By Lee C. Chipongian
The country’s debt service burden on loans owed to foreign creditors rose by three percent year-on-year to $5.131 billion as of end-July from $4.977 billion, based on Bangko Sentral ng Pilipinas (BSP) data.
The sum of principal payments amounted to $3.174 billion, lower by 4.31 percent compared to same time in 2018 of $3.317 billion.
Interest payments, on the other hand, continue to increase end-July to $1.958 billion from $1.660 billion or up by almost 18 percent.
Philippine total external debt as of end-June this year amounted to $81.259 billion, 12.55 percent more compared to what was reported same time last year of $72.199 billion.

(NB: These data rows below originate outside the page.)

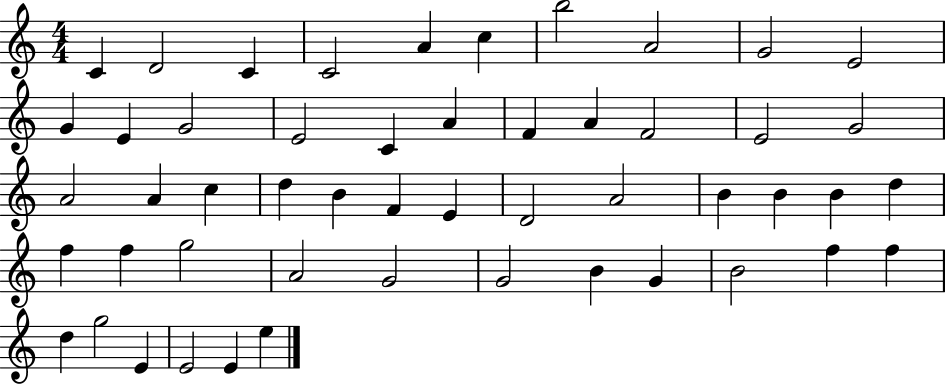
{
  \clef treble
  \numericTimeSignature
  \time 4/4
  \key c \major
  c'4 d'2 c'4 | c'2 a'4 c''4 | b''2 a'2 | g'2 e'2 | \break g'4 e'4 g'2 | e'2 c'4 a'4 | f'4 a'4 f'2 | e'2 g'2 | \break a'2 a'4 c''4 | d''4 b'4 f'4 e'4 | d'2 a'2 | b'4 b'4 b'4 d''4 | \break f''4 f''4 g''2 | a'2 g'2 | g'2 b'4 g'4 | b'2 f''4 f''4 | \break d''4 g''2 e'4 | e'2 e'4 e''4 | \bar "|."
}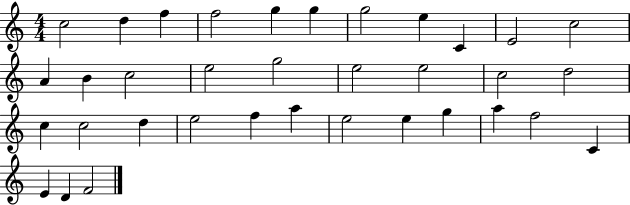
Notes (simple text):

C5/h D5/q F5/q F5/h G5/q G5/q G5/h E5/q C4/q E4/h C5/h A4/q B4/q C5/h E5/h G5/h E5/h E5/h C5/h D5/h C5/q C5/h D5/q E5/h F5/q A5/q E5/h E5/q G5/q A5/q F5/h C4/q E4/q D4/q F4/h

About $15.582 billion of the total are short-term loans.
In the meantime, public sector external debt reached $42.3 billion as of end-June this year while private sector foreign loans amounted to $39 billion.
The BSP said the external debt ratio, which is a solvency indicator, still indicates the country’s strong position to service foreign borrowings in the medium to long term.
The debt service ratio has consistently remained at single- digit levels, the BSP said. As of end-June, this was at 7.5 percent which was the same ratio reported in 2018.
The debt service ratio, which relates principal and interest payments (debt service burden) to exports of goods and receipts from services and primary income, is a measure of adequacy of the country’s foreign exchange earnings to meet maturing obligations.
The debt service burden to current account receipts is also single digit at 7.1 percent (same with end-June 2018) while the ratio vis-à-vis the gross domestic product (GDP) stood at 2.7 percent, lower than last year’s 2.8 percent. Overall, total external debt to GDP was at 23.8 percent, higher than end-June 2018’s 22.4 percent.
Last year, the external debt service burden increased to $8.111 billion from $7.309 billion in 2017 because the National Government borrowed more loans in foreign currency to fund big-ticket infrastructure projects, many of which are included in the Duterte administration’s “Build, Build, Build” program.
Based on BSP data, external debt service burden rose to $7.188 billion in 2016 – which was the start of President Duterte’s administration – from $5.584 billion in 2015. It increased further to $7.309 billion in 2017.
BSP Governor Benjamin E. Diokno said last week that the country’s external payments position is still “comfortable” and it remains a “solid buffer for the economy against external headwinds.” The central bank’s reserves as of end-September is near $86 billion and could cover up to 7.5 months of imports and payments for services and primary income.
Diokno said the gross international reserves are “high while external debt burden is low.”
“The country’s external debt is manageable. It is a mere 23.8 percent of GDP as of end-June 2019. Manageability of external debt has improved significantly over the years, with the amount recorded at nearly 60 percent of GDP in 2005,” according to Diokno.